Published online by Cambridge University Press: 07 January 2025
Up to the end of the Middle Ages, the opportunities to acquire information about the world of Islam were very few in the Low Countries. Moreover, the little knowledge which could be derived from books, from participation in a crusade or from a pilgrimage to the Holy Land did not reach much further than the coasts of the Mediterranean. The Iranian hinterland of the countries inhabited by Saracens and Turks remained beyond the horizon of the Dutch, intellectually as well as in terms of actual experience.
Direct contacts with Iran developed only in the early seventeenth century when, shortly after the establishment of an independent republic of the Netherlands, the “United Provinces,” Dutch trade began to expand to the four corners of the world. The first journey of a Dutch fleet to the East Indies and back was completed in 1597. This success led to the establishment of several companies engaging in Asian commerce, which in 1602 merged into the Verenigde Oost-Indische Compagnie (United East India Company). By its charter the Company held a monopoly of all Dutch trade, extending from the Cape of Good Hope eastwards to the Strait of Magellan. This mercantile empire, with settlements all over Asia, was controlled from Batavia (the modern Indonesian capital of Jakarta) by a governor-general. The director of the western sectors, including the operations of the Company in Iran, held office at Surat on the west coast of India.
In 1623 Huybert Visnich, a merchant in the service of the Company, arrived from Surat to establish a trading post at Bandar Abbas, which was called “Gamron” or “Gombroon” by the Europeans. Soon afterwards, Shah Abbas the Great granted capitulations to the Dutch, thereby guaranteeing freedom of trade, exemption from duties and several other rights pertaining to the residence of non-Muslim merchants in Iran.

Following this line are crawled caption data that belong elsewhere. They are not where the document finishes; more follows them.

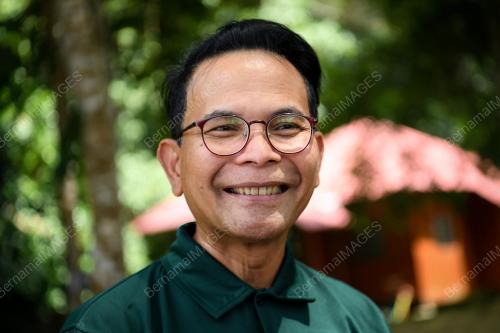 PROF DR MOHD NAZIP SURATMAN
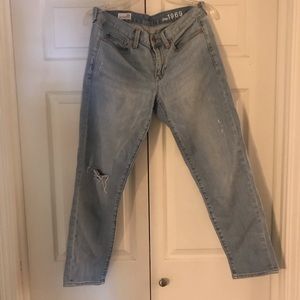 GAP 1969 sexy boyfriend distressed jean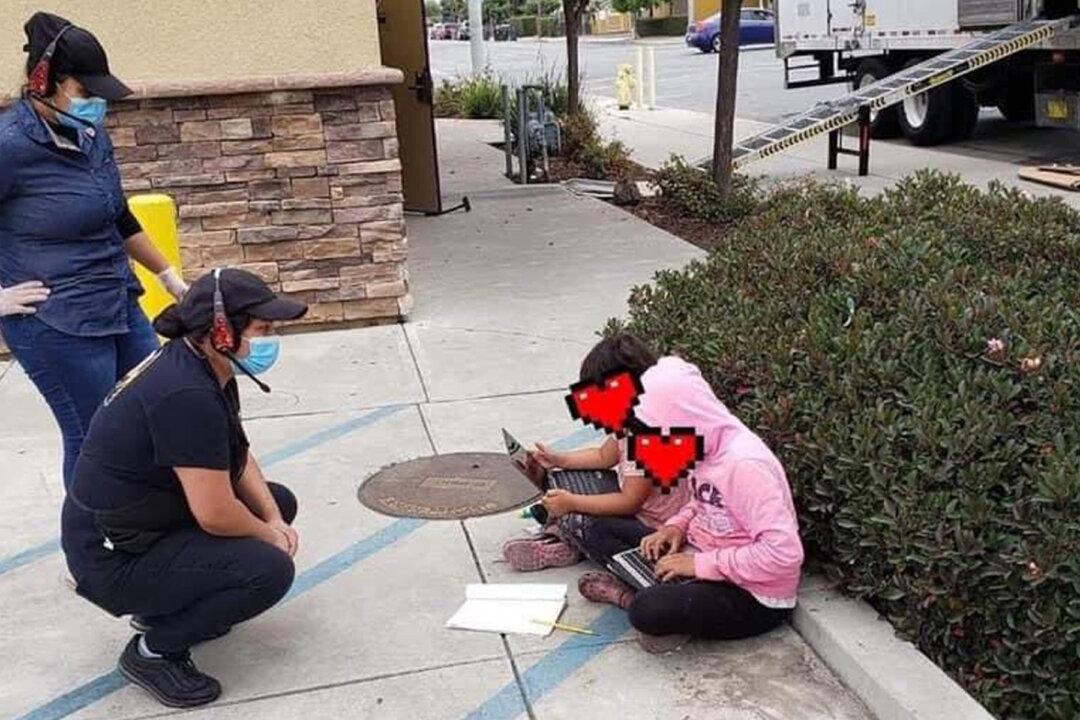 School Responds After Students Are Snapped Using Taco Bell’s WiFi to Do Their Class Work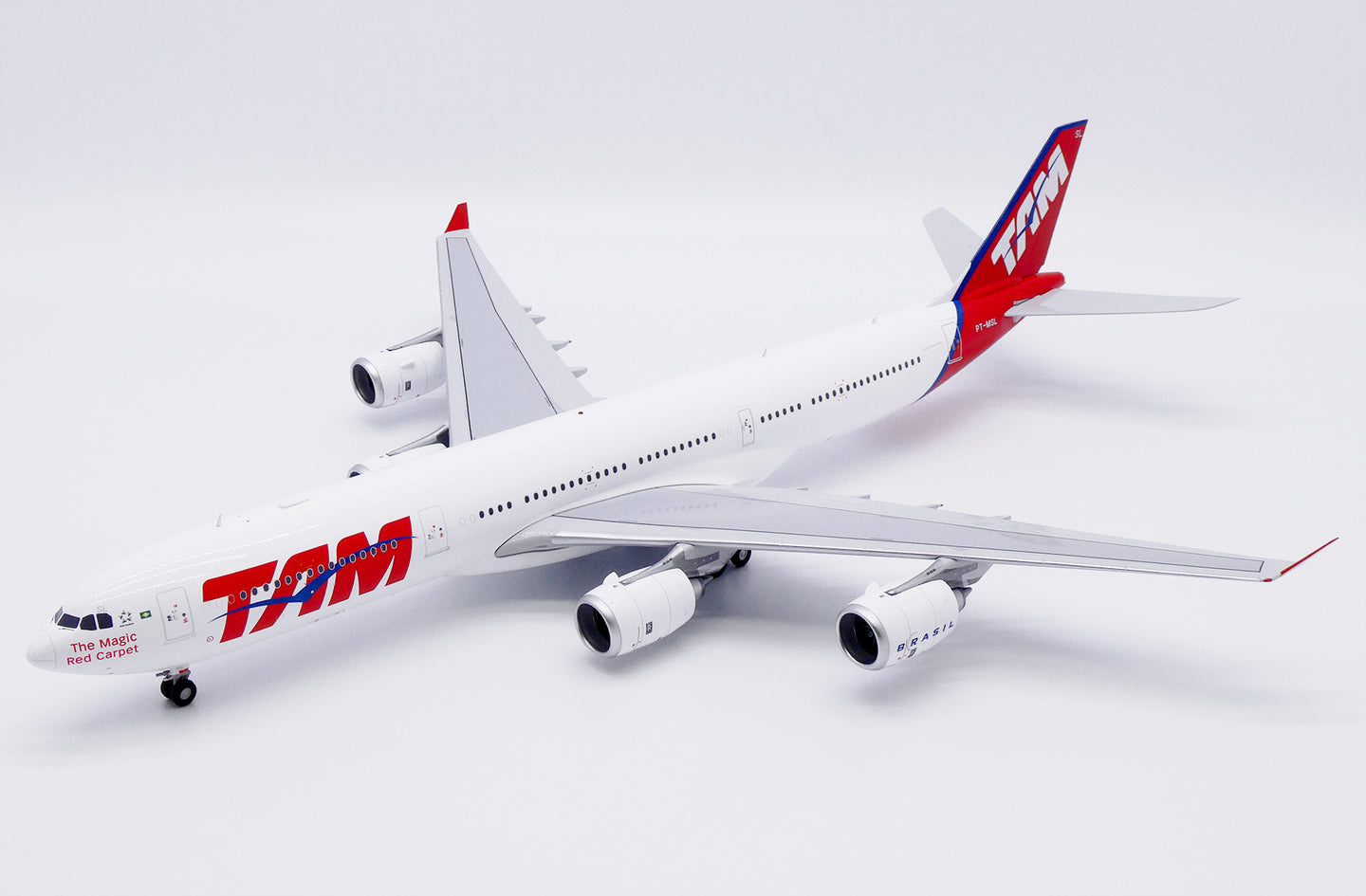 JC WINGS A340-500 TAM LINHAS AEREAS REG: PT-MSL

The Company also established a residence at Isfahan where its representatives could get in touch with the Safavid court. The Company was most of all interested in the purchase of silk from Gilan. It paid for it partly in money and partly through the bartering of spices from the East Indies, textiles from the Coromandel coast (south-east India) and other imported goods.
The Dutch enterprise in Iran continued to flourish until the downfall of the Safavids.